The Western Association of Schools and Colleges has taken a major step towards making adult student success relevant to institutional performance. Starting next fall, the WASC will begin a pilot program in which eight of its accredited institutions will begin tracking adult student success as part of its undergraduate retention and completion rates.

This represents a major shift in the way non-traditional students are typically tracked, which is to say, they will be. At the moment, according to a joint survey by Inside Track and the UPCEA Center for Research and Consulting, 77 percent of colleges do not know the graduation rate of their adult students. Moreover, only 16 percent of colleges know why their adult students drop out. However, 43 percent of colleges said their central admission values the money adult students bring in to institutions.

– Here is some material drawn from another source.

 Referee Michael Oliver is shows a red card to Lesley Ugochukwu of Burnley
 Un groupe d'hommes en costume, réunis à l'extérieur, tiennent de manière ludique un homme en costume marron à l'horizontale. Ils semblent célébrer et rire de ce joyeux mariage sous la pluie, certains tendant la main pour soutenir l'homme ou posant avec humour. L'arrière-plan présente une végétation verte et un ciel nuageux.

Dave Jarrat, the vice president of marketing at InsideTrack, says the reason behind this is simple.

“[Adult students] tend to be viewed as cash cows,” he told Inside Higher Ed’s Paul Fain

Of course, that is not to say that adult student success is a particularly easy metric to track. After all, many adult students will take breaks in their education and transfer between numerous institutions before they graduate. According to Fain, even determined adult students can take up to eight years to complete their degree, and a 35 percent six-year completion rate for the adult student segment would not be considered irregular.

There are some added difficulties in tracking adult student success, including the fact that the irregularity in their enrollment patterns can make it difficult to assess which cohort they belong to.

The plan for the WASC is to roll out their revamped student performance metrics (including adult student success) to all its four-year institutions over the next three years.

Teri Cannon, the executive vice president of WASC’s Senior College Commission, told Fain completion was taking its rightful place in the assessment procedure for institutions.

“We’ve long seen this as a key indicator of institutional effectiveness,” she said.